A memoir by then-Defence Secretary Mark Esper alleges the then-US president asked: ‘Can’t you just shoot them? Just shoot them in the legs or something?’
He claims the US leader was ‘red-faced’ and ‘complaining loudly’ about the Black Lives Matter (BLM) demonstrations that had broken out in May 2020 following the death of Mr Floyd at the hands of a white police officer.
A month later Mr Trump ordered demonstrators to be cleared from Lafayette Square by the White House so he could walk to a nearby church and pose with a Bible for a widely condemned photo opportunity. US Park Police and National Guard troops deployed tear gas and stun grenades to move the largely peaceful protesters. It became one of the most shocking moments of the Trump administration and his critics said the incident showed his authoritarian instincts.
‘Red-faced and complaining’
Mr Esper’s account appeared to confirm previous reports of Mr Trump arguing that the military should intervene to quell the spiralling civil unrest. ‘When the looting starts, the shooting starts,’ he tweeted on May 29, 2020.
An earlier book by journalist Michael Bender quoted sources saying the chairman of the Joint Chiefs of Staff, General Mark Milley, argued with Mr Trump against using the armed forces as the president demanded a stronger response.
Mr Esper publicly stated at the time that he opposed invoking the Insurrection Act, a rarely-used 200-year-old law which permits troops to be actively deployed in the US.
His stance reportedly enraged Mr Trump, and the defence chief was sacked in November 2020 after less than a year in the job.

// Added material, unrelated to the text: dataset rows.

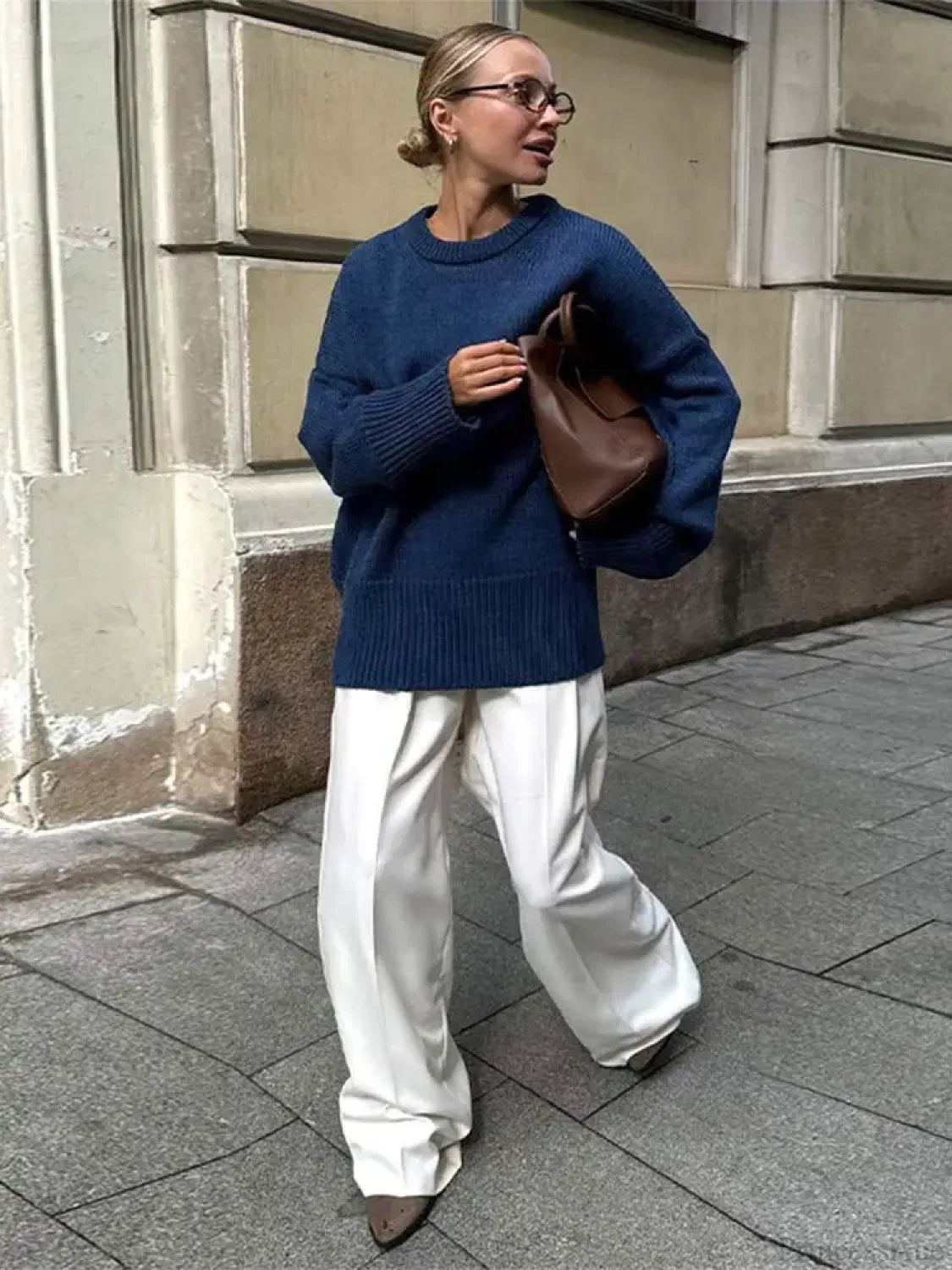 Casual Retro Long Sleeve Sweater Blue / S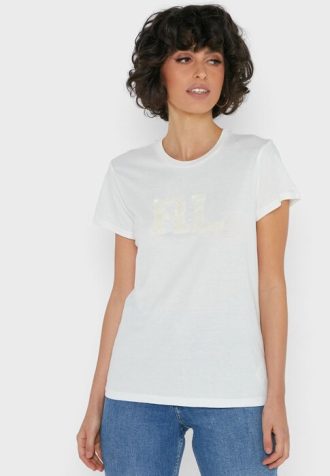 Valkoinen naisten Ralph Lauren Crew Neck Graphic T-paidat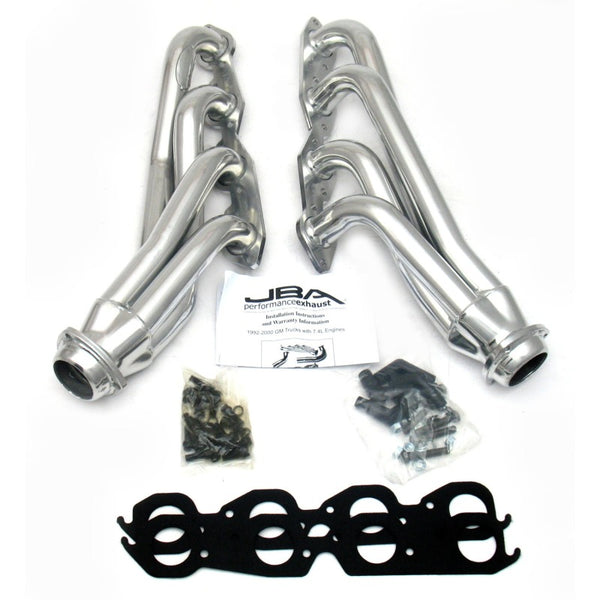 JBA 92-95 GM Truck 7.4L Vortec 1-3/4in Primary Silver Ctd Cat4Ward Header - 1822S-1JS for 1992-1995 Chevrolet C2500 - front v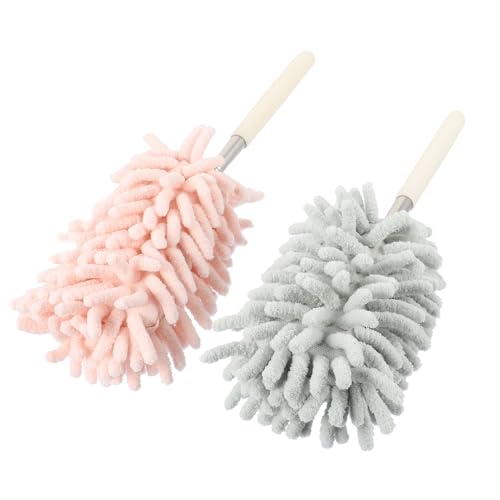 PAMINGONO Lot de 2 Brosses à Poussière en Microfibre Tête Flexible Outil de Nettoyage Ménager Voiture Plumeau Électrostatique Vert Nordique et Rose Nordique pour Surfaces Délicates et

News website Axios, which reported the ‘shoot them’ comments, said Mr Esper’s book had been vetted by the Pentagon and reviewed by generals and cabinet members.
In his upcoming memoir, Sacred Oath: Memoirs Of A Secretary Of Defence During Extraordinary Times, Mr Esper writes that the dysfunction in the White House was unlike anything he’d seen in politics.
He describes the moment as ‘surreal... sitting in front of the Resolute desk, inside the Oval Office, with this idea weighing heavily in the air, and the President red-faced and complaining loudly about the protests under way in Washington DC’.
He adds: ‘The good news – this wasn’t a difficult decision. The bad news – I had to figure out a way to walk Mr Trump back without creating the mess I was trying to avoid.’
Mr Trump has not commented on the claims.